Logline :
Dans un futur proche, un groupe de jeunes adultes orphelins vivant comme un commando, entrainé et armé, va acheter une tarte aux fraises à la boulangerie et se frotte à des bébés chats sur le chemin du retour (ne rigolez pas, ce n’est pas une image, c’est vraiment ce qui se passe dans le film…).
Rare sont les cinéastes en France qui osent s’aventurer sur le chemin de la série B. Ou du moins rare sont les producteurs qui arrivent à les y encourager. Il faut donc souligner la prouesse d’Emmanuel Chaumet, qui prouve une fois encore qu’il existe des producteurs qui osent faire avancer le cinéma, et qu’il n’y a donc pas de fatalité à devoir produire toujours le même type de films en France.
Aussi louable soit-elle, la démarche, qui a permis d’accoucher de chefs d’œuvres comme Les garçons sauvages, a tout de même ses limites, puisque dans le film fonce très vite de la série B à la série Z, catégorie dans lequel il s’efforce de s’enfoncer durant 97 minutes.
Enfin le film… il est difficile de parler de film dans la mesure où nous ne suivons pas une histoire, mais juste une succession de plans (on ne peut même pas parler de scènes), collés les uns à la suite des autres, après avoir été tournés les uns à la suite des autres selon l’humeur du jour.
Les 2 wannabe cinéastes à l’origine du désastre font en effet preuve d’une créativité folle pour improviser des plans « à l’humeur », sans trop se soucier de leur rapport avec une histoire qu’ils ne connaissent même pas eux-même.

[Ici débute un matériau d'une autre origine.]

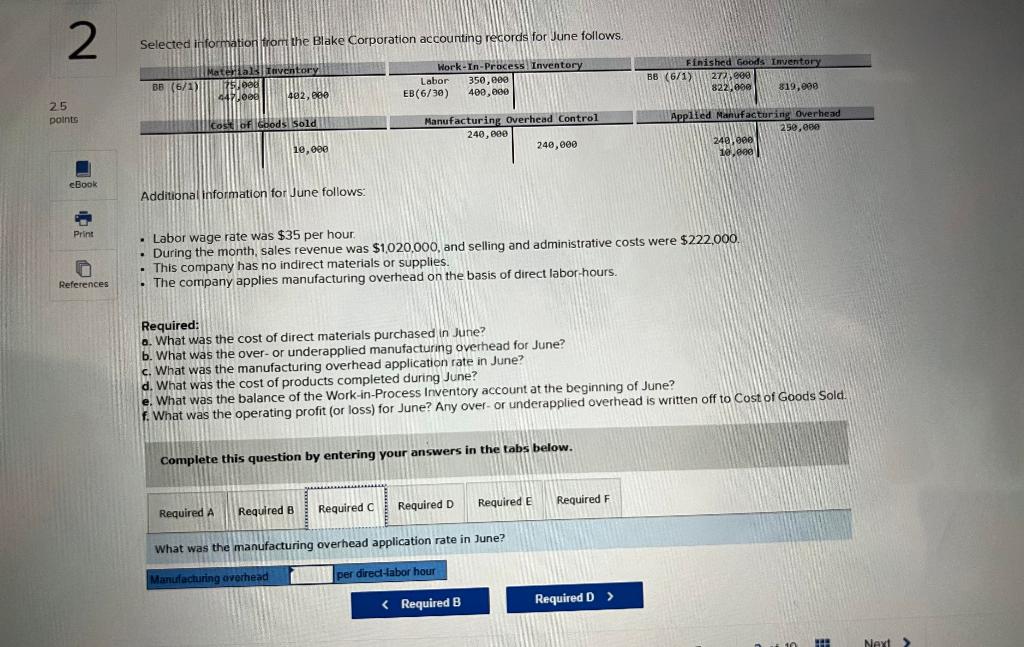 Labor 850,000 EBC6/300 400,000 Finished Goods Inventory BB (6/1 277,000 822 ead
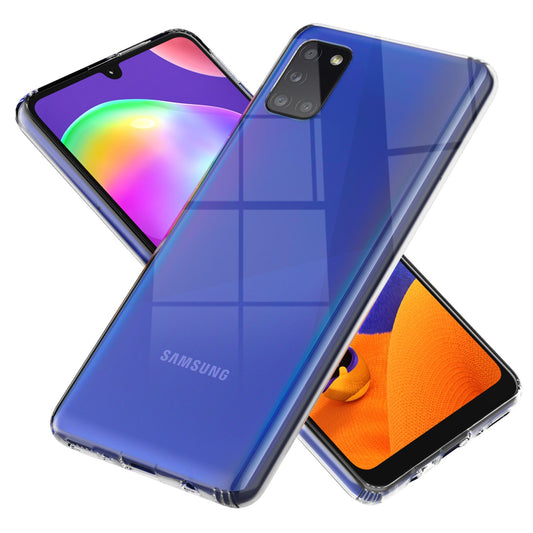NALIA Klare Handy Hülle für Samsung Galaxy A31, Clear Case Cover Schutz Tasche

Du coup les acteurs paraissent ne pas trop savoir ce qu’ils font là-dedans, chaque phrase sortant de leur bouche provoquant un mélange de rires jaunes, de soupirs d’exaspérations, de murmures de consternation… Rarement en sortant de la salle on n’avait entendu autant de pitié et de désarroi dans la bouche des spectateurs pourtant d’habitude si bienveillants de la Berlinale, qui avaient tous visiblement bien conscience de s’être fait arnaqués.
Le pire c’est que ce constat d’impuissance est partagé par les auteurs eux-mêmes ! Interrogé sur scène lors de la présentation de leur film à Berlin, la co-réalisatrice déclare que ça a été extrêmement douloureux pour eux de réussir à écrire un scénario, et qu’ils ne soupçonnaient pas, suite aux courts-métrages qu’ils avaient fait jusque-là, que réfléchir à une idée un long-métrage pouvait être si difficile. (je vous jure que je n’exagère rien, ceux qui étaient à Berlin en février pourront vous le confirmer).
Alors pour combler les minutes pour arriver à 90, on rajoute des plans, des plans inutiles… Mention spécial à ce moment d’anthologie du cinéma français, où l’héroïne du film se rend au bord de la piscine, pour tremper ses cheveux dans l’eau, et les secouer en relevant la tête pour créer un cercle de goutes d’eaux en slow motion… vous savez, ce photos ringardes que votre cousine aux faux-ongles publie sur Instagram pour immortaliser ses vacances à l’île Maurice….
Bon, forcément, au vu des commentaires des réalisateurs sur leur manque d’inspiration, on a forcément envie de leur répondre : « mais en fait rien ne vous oblige à faire 1 long si vous n’en avez pas envie… ». On se demande donc ce qui a pu les pousser à tourner une histoire qu’ils n’avaient de toute évidence pas envie de raconter.
Et c’est bien là la plus grande force du film : interroger, malgré lui, sur le système de financement du cinéma français. Les mâchoires tombent en effet en se rendant compte que ce massacre a bénéficié de l’Avance sur recette. On sait depuis longtemps que l’Avance sur recette est le dispositif le plus opaque et le moins efficace du CNC, celui sur lequel une petite poignée de producteurs s’autofinancent leurs navets en dehors de toute considération artistiques. Mais en arriver à ce point-là, de financer à l’aveugle un film sans scénario, sans réalisateurs, et sans vision artistique, relève purement de l’acte délictueux.
Un grand bravo donc à Emmanuel Chaumet d’avoir réussi à boucler un budget autour de cette absence de projet. Il faut juste prier que pour que cet accident industriel et le désastre financier annoncé qu’il va être pour Le Pacte, n’hypothèque pas les chances de véritables projets innovant de voir le jour dans le futur.